屋我地島運天原の北西の岬にオランダ墓と呼ばれる墓があります。運天原の船揚場から北に約300m波打際を歩くと、セメントの階段があり、そこをあがるとオランダ墓です。オランダ(ウランダ-)とは、近世において西洋人を指した表現で、オランダ墓に葬られているのはフランス人です。墓は、大岩の下に北西に向けて亀甲墓風に造られ、二基の墓碑(各縦75cm、横51cm、厚さ8cm)がおかれています。右側の墓碑は4つに割れていますが、「大彿朗西国戦船彿肋特格阿巴特爾 老将貴大爾聖号方済各加略之墓 救世1846年儒安月20日病故」とあり、左側の碑には、「大彿朗西国戦船歌爾勿特未客多利阿斯 老将撤虜 聖号亜各伯之墓 救世1846年儒安月11日病故」とあります。

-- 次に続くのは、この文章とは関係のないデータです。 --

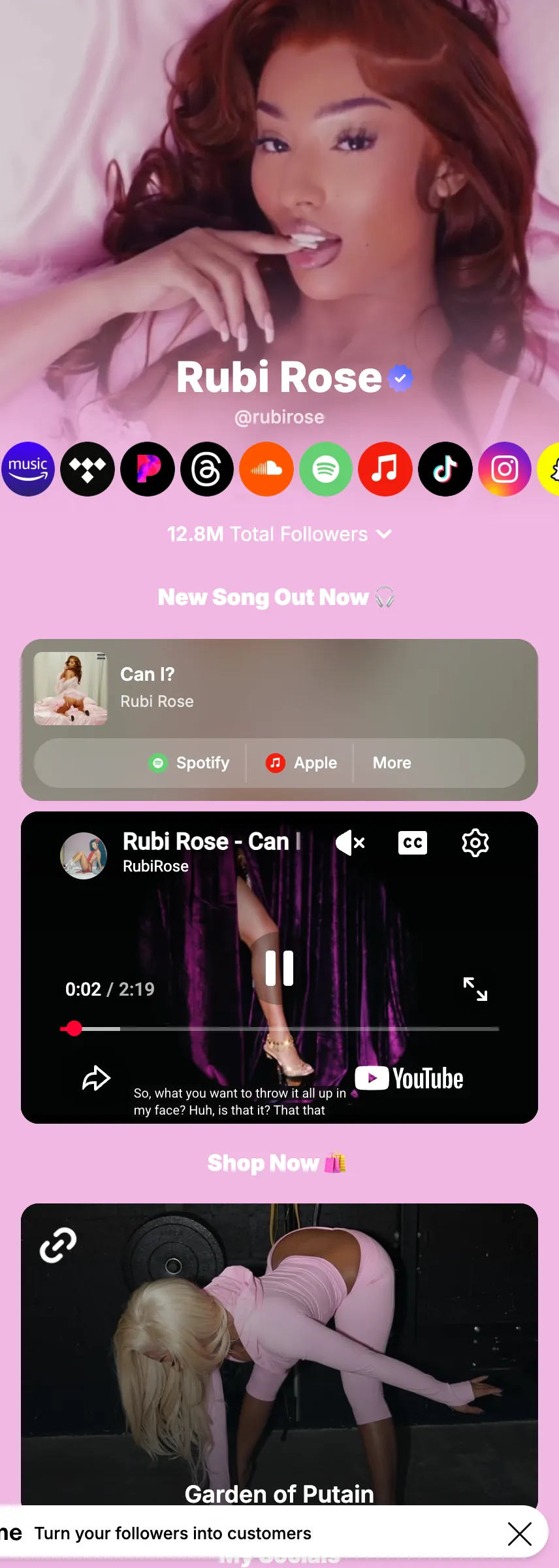 Profile screenshot (mirrored)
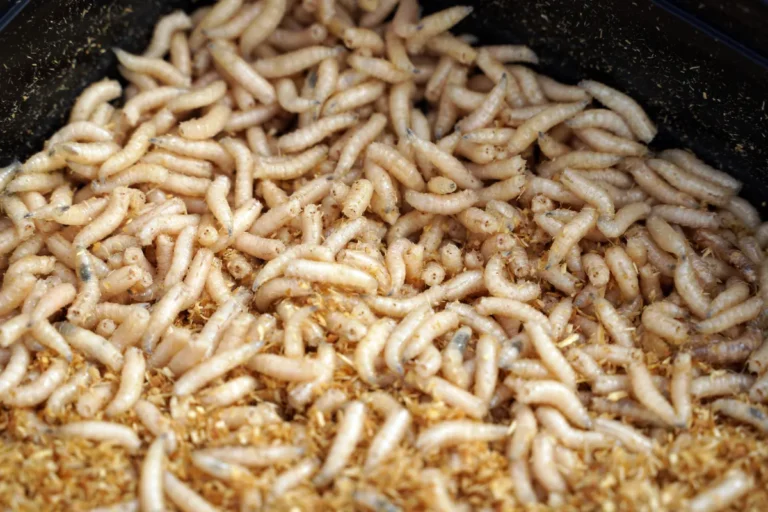 Asticots dans la poubelle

1846年6月6日、フランスの旗艦クレオパト-ル号、サビ-ヌ号、ビクト-リアス号の3隻は運天港に入港し、交易等の交渉を求めました。7月5日まで碇泊しましたが、拒絶され、3隻は長崎に向けて出発しました。その約1ヶ月の間に、この墓に眠る2人、方済各加略と亜各伯(フランス呼称は未詳)は病気(一説にはハブに咬まれて)で亡くなり、ここに手厚く葬られたのです。

墓碑は、ニ-ビ(砂岩)に立派な様式と文字で刻まれていて、恐らく王府が関わった仕事ではないかと思われます。この墓の管理は今帰仁間切(運天)が行っていましたが、戦後は運天原の人々が毎年12月24日に祭っていました。